作田氏は、日本は、先進国の中でたばこ規制・受動喫煙防止への取り組みが遅れているとし、その理由について、政府が30%の株式を所有している日本たばこ産業(JT)<2914.T>が大手メディアの広告主となっていることや、同社の幹部ポストが財務省の天下り先となっていることが背景にあると指摘した。

一緒に会見した宮崎恭一理事は「日本は、文明国の中の最後のたばこの砦」だと述べた。

厚生労働省は2016年10月に、受動喫煙防止策の法整備に向け、公共施設の建物内を禁煙とし、飲食店などは原則禁煙で喫煙室の設置を求める、などとする法案の「たたき台」を提示した。

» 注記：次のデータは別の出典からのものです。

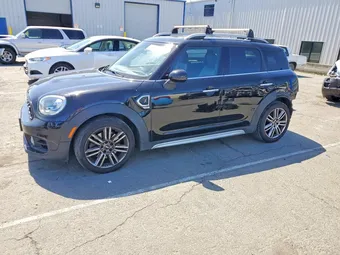2019 Mini Cooper Countryman WMZYT3C56K3E96297
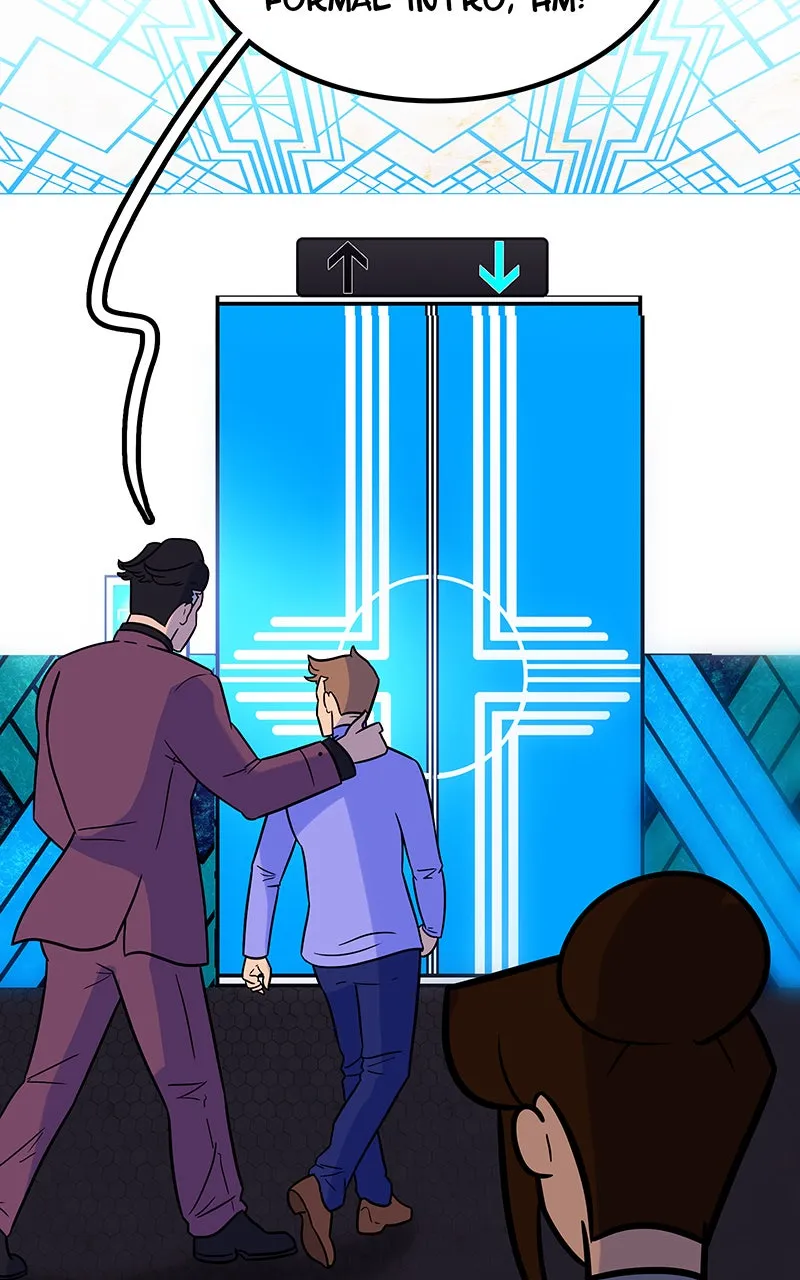 LoveBot Chapter 36 page 20 - 
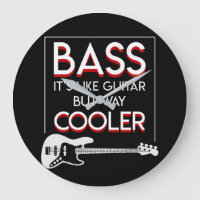 Bass Guitar Like Guitar But Way Cooler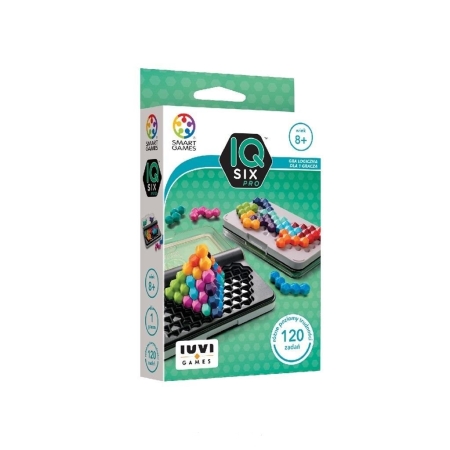 Smart Games IQ Six Pro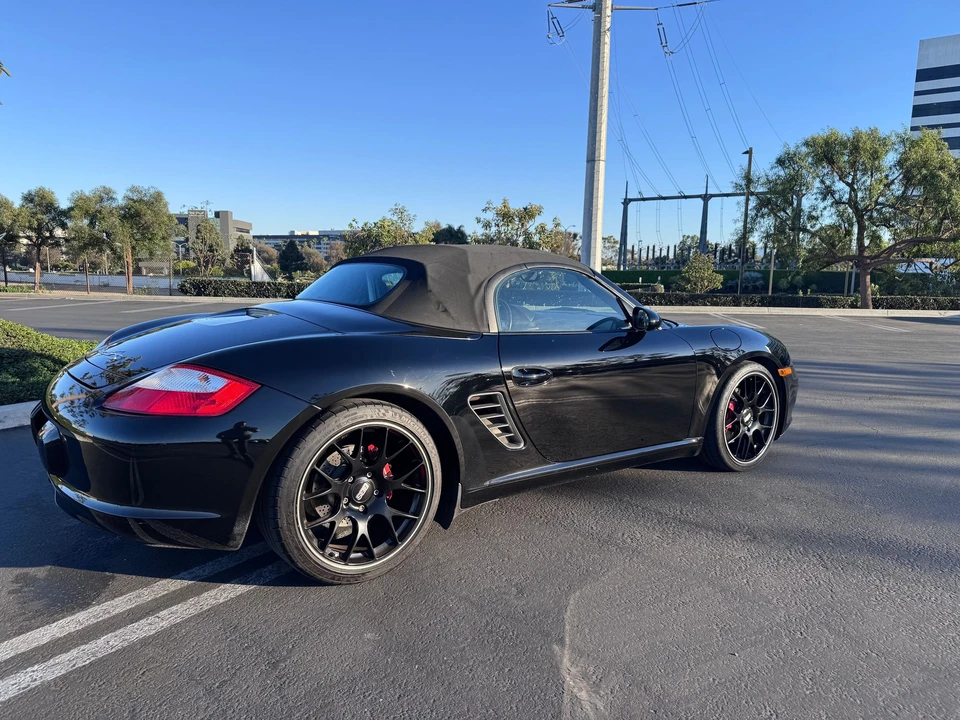 2005 Porsche 987 Boxster S - Image 5 of 25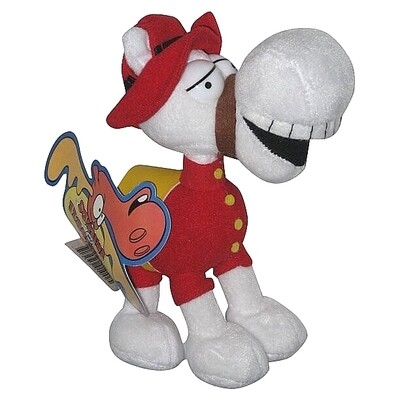 Horse from Dudley Do-Right 7"H Beanbag Plush
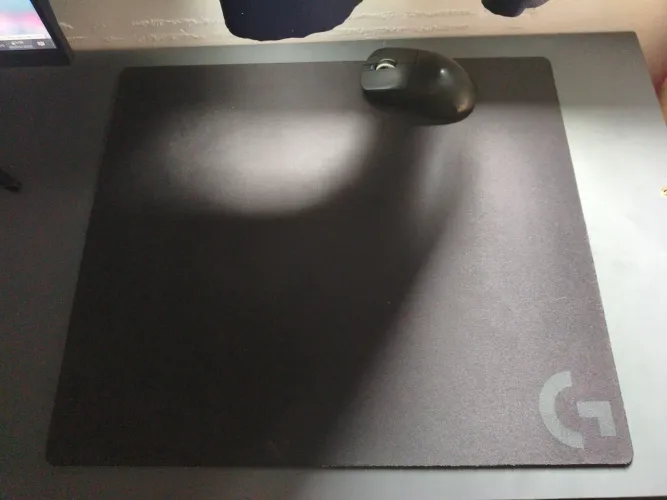 Mousepad Logitech g640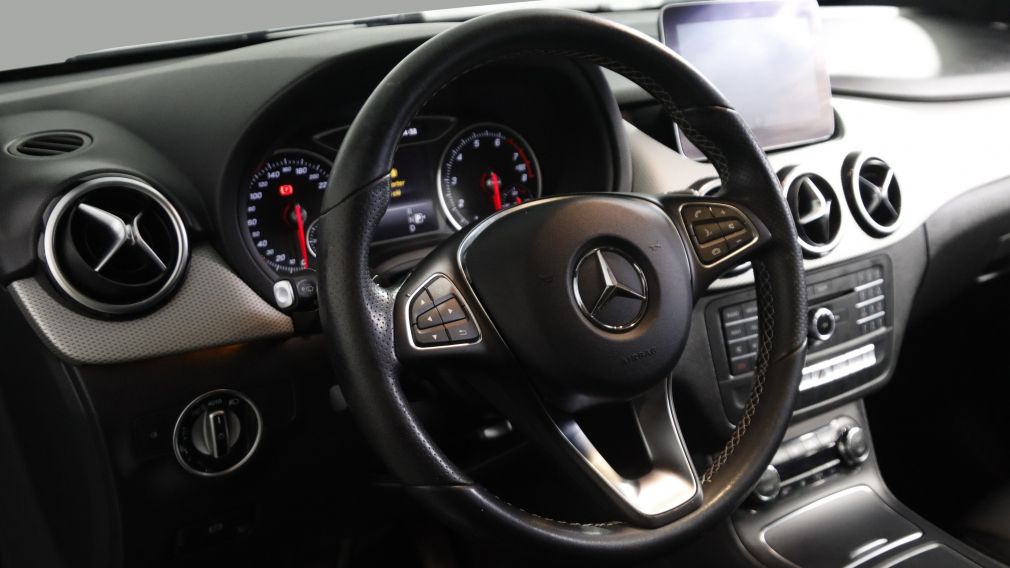 2018 Mercedes Benz B200 B250 AUTO A/C CUIR TOIT GR ELECT MAGS CAM RECUL #11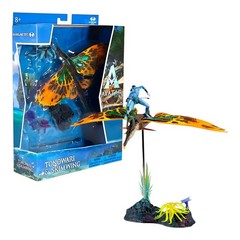 McFarlane – Avatar: The Way of Water – World of Pandora: Tonowari & Skimwing
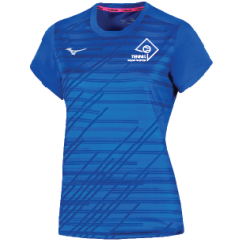 T-shirt Chiba femme avec le logo du club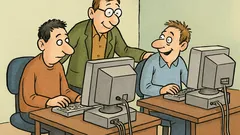 Vtip: Druhé rozšírenie zákona o chybe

たたき台では、学校や医療機関は建物だけでなく敷地内禁煙とし、違反者が勧告に従わない場合、施設管理者や喫煙者に罰則を適用する、としている。

しかし、中小飲食店の業界団体や自民党の一部には、厳格な規制に異議を唱える声が多い。今月開かれた自民党の厚生労働部会では、法案の概要を示した厚労省に対し「小さな喫茶店や居酒屋は経営が立ち行かなくなる」「まずは分煙の推進を図るほうが効率的」など慎重な対応を求める意見が出された。

厚労省健康局健康課では、法案の今国会での提出を目指すとしているが、内容については、様々な意見を受けて現在検討中だという。